Microsoft's open source moves come as one analyst report pegs Linux as a winner in the current recession.
But Microsoft's betting the low-cost allure of open source can benefit it, too.
Ramji said one of his chief focuses is on how customers are using the Windows platform in a downturn, when enterprises are deferring non-critical hardware and software purchases. He said that having Windows as a platform play for open source software deployment is key to the company's continued ability to weather the worst of the slowdown.
In particular, Ramji added that he believes the work that Microsoft has done to support PHP and Java on top of Windows is a key part of the resiliency of Microsoft's operating systems business. The company has been working with commercial PHP sponsor Zend for the last several years to improve PHP support on Windows.

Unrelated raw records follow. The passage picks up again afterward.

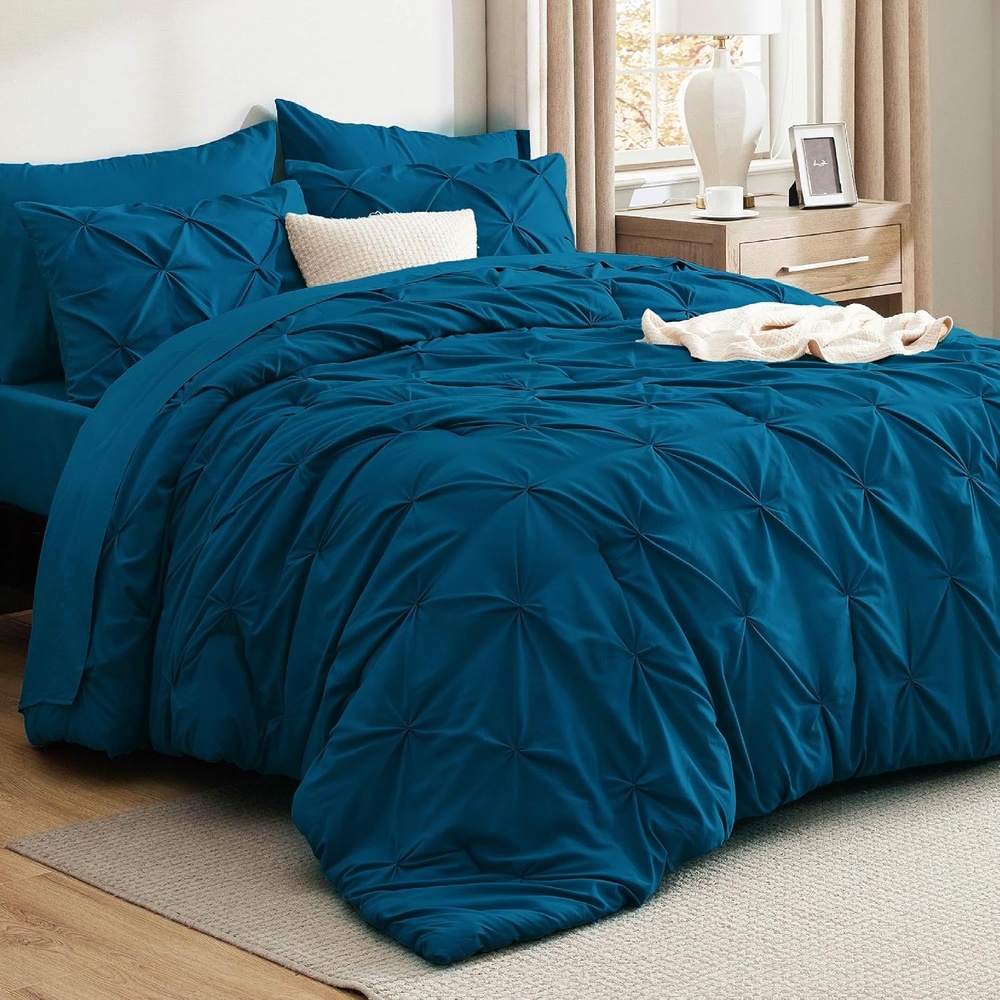 image:imageBedsure Twin XL Comforter Set Pink Dorm Room Essentials for Girls Extra Long Twin XL Bedding Set with Sheets All Season Down Alternative Comforter with Sheets Pillowcase amp Sham14 Teal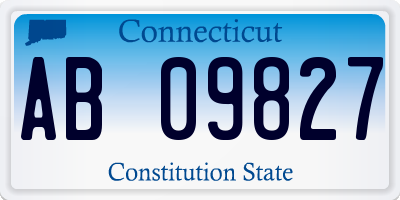 CT license plate AB09827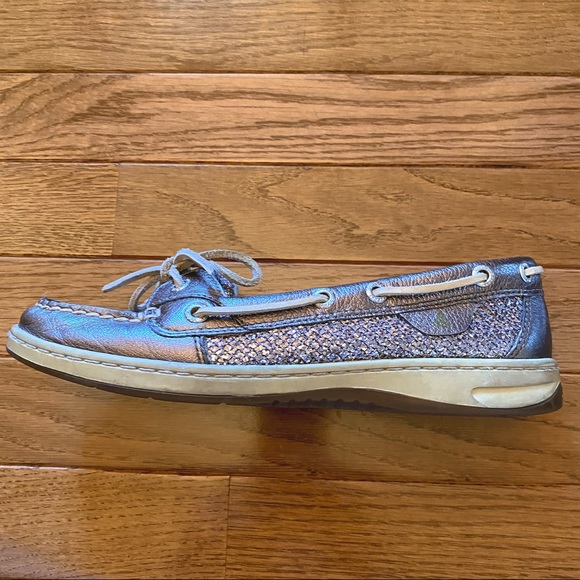 Sperry Top Sider Silver Deck Shoes size:8 - Picture 7 of 10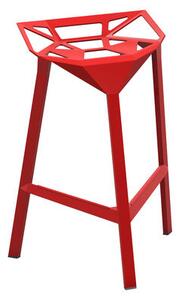 Stool One Bar stool - H 67 cm - Metal by Magis Red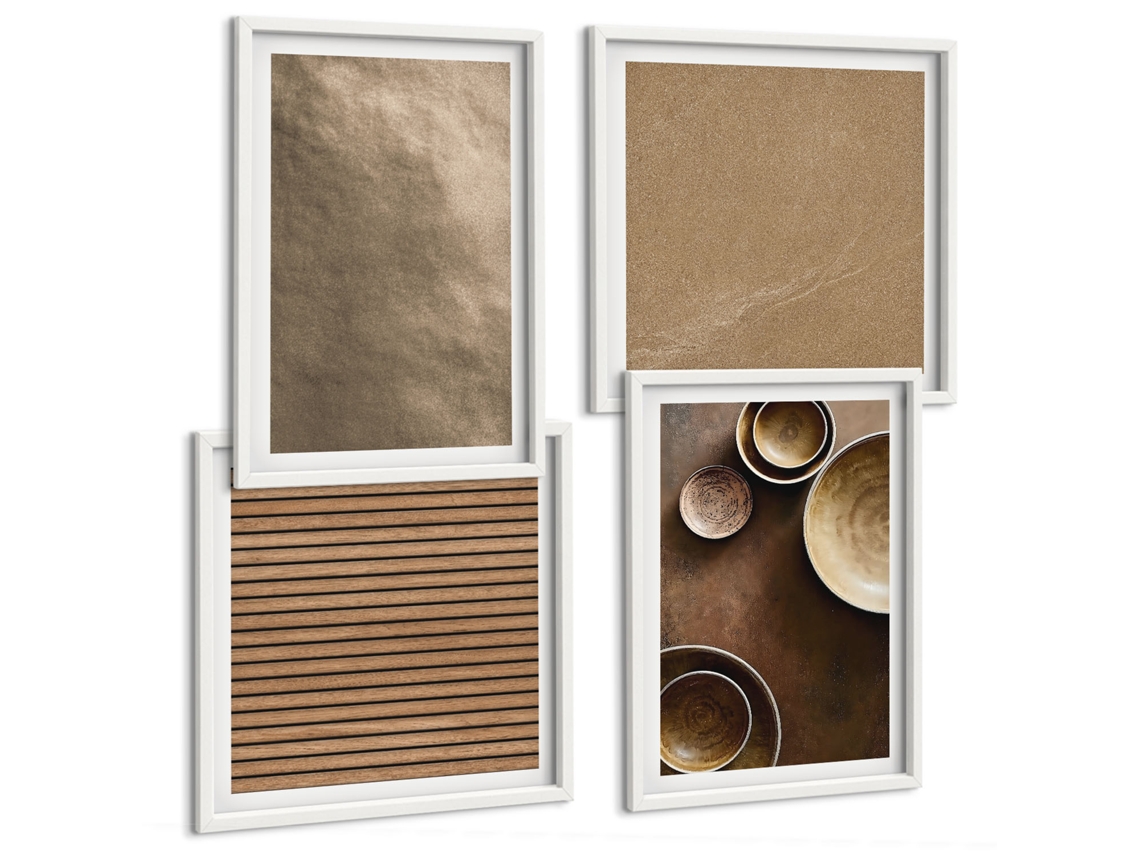 Composição De Quadros Estruturas De Pedra Minimalistas Espelharte (4 Peças)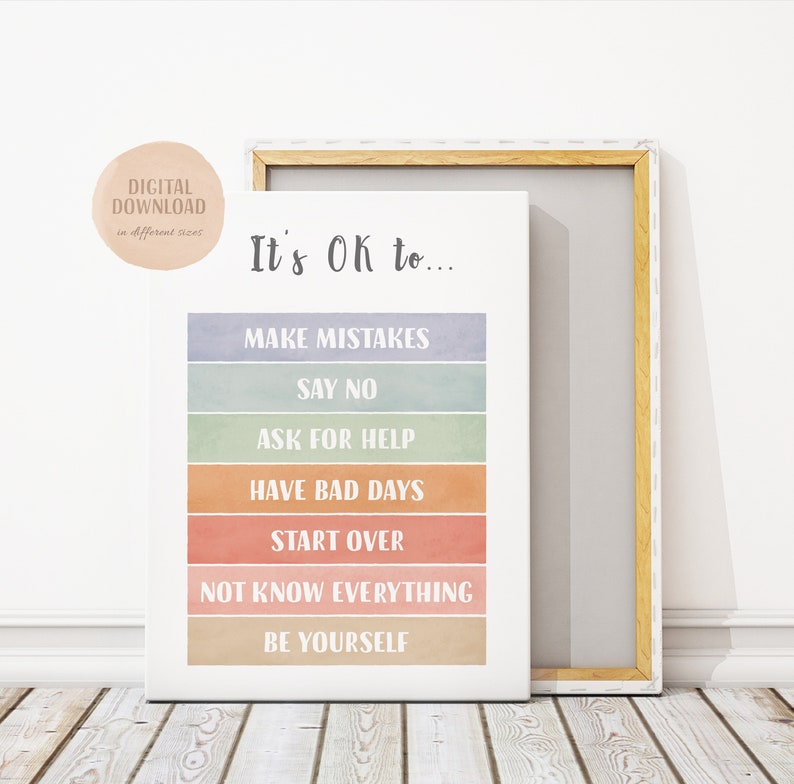 Puede incluir: Un p&oacute;ster motivacional con un fondo de acuarela y el texto "It's OK to..." seguido de una lista de afirmaciones positivas: "Make Mistakes", "Say No", "Ask for Help", "Have Bad Days", "Start Over", "Not Know Everything", y "Be Yourself".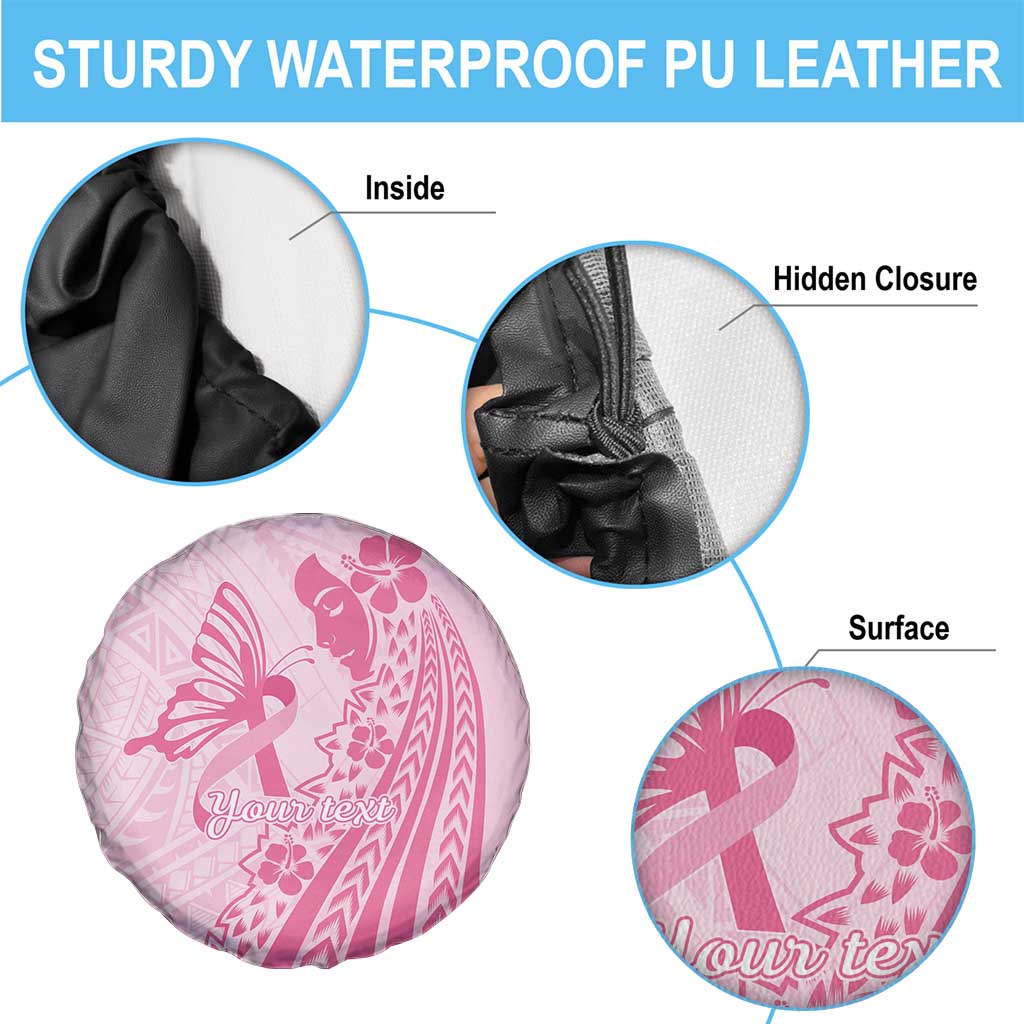 Pacific Girl and Butterfly Cancer Ribbon Personalised Spare Tire Cover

Ramji also noted that Robert Youngjohns, president for Microsoft North America, is scheduled to keynote at OSBC on Wednesday and will argue that the fundamentals of technology innovation and improved productivity will help to bring the IT sector back, while showing how computing can help to grow businesses in the current downturn.
Part of that growth potential comes from working with open source firms as a way to develop new solutions that appeal to customers even in the downturn, Ramji added.
"We're seeing demand for some of our joint solutions with Novell around Linux and Windows interoperability," he said.
Novell and Microsoft have an interoperability and patent deal originally signed in November 2006. Since then, Microsoft has also been working with Red Hat to enable Red Hat's Linux to run virtualized on Microsoft's Hyper-V virtualization hypervisor.
That might be one reason that while the economy is a slowdown, Ramji said there hasn't been letup in activity in the open source group that he runs at Microsoft.
Courting open source
Microsoft is continuing to work on making Windows a popular platform for open source application deployments. Ramji noted that Microsoft last week announced the Windows Web App Gallery, which currently includes 10 open source applications that can be easily deployed on Windows.
"There are many more applications we want to add -- another 50 or 60 PHP Web applications," Ramji said.
Ramji added that there is still work that Microsoft can do to further ensure that PHP runs well on Windows. According to Ramji, Microsoft is working with Zend and the PHP community not just on historical PHP releases but also on future releases to ensure that Microsoft can add value to next-generation versions of PHP running on Windows.
Open source patents
While Microsoft is trying to push its message of openness and interoperability, it still sometimes has issues with open source and Linux. Recently, Microsoft launched a patent suit against GPS navigation vendor TomTom, which includes a number of Linux and open source technologies.
Microsoft has alleged that open source infringes on over 200 of Microsoft's patents.
But Ramji claimed that patent issues aren't causing any chilling effect on his part of Microsoft's open source plans.
"We've made so much progress in demonstrating a consistent and rational process for open source adoption of Microsoft technologies and interoperability with non-Microsoft platforms," Ramji said. "I feel like we've gained some credit in that area and we do our best. I've been at two significant open source events in the last few weeks and none of attendees have brought up the issues of patents to me."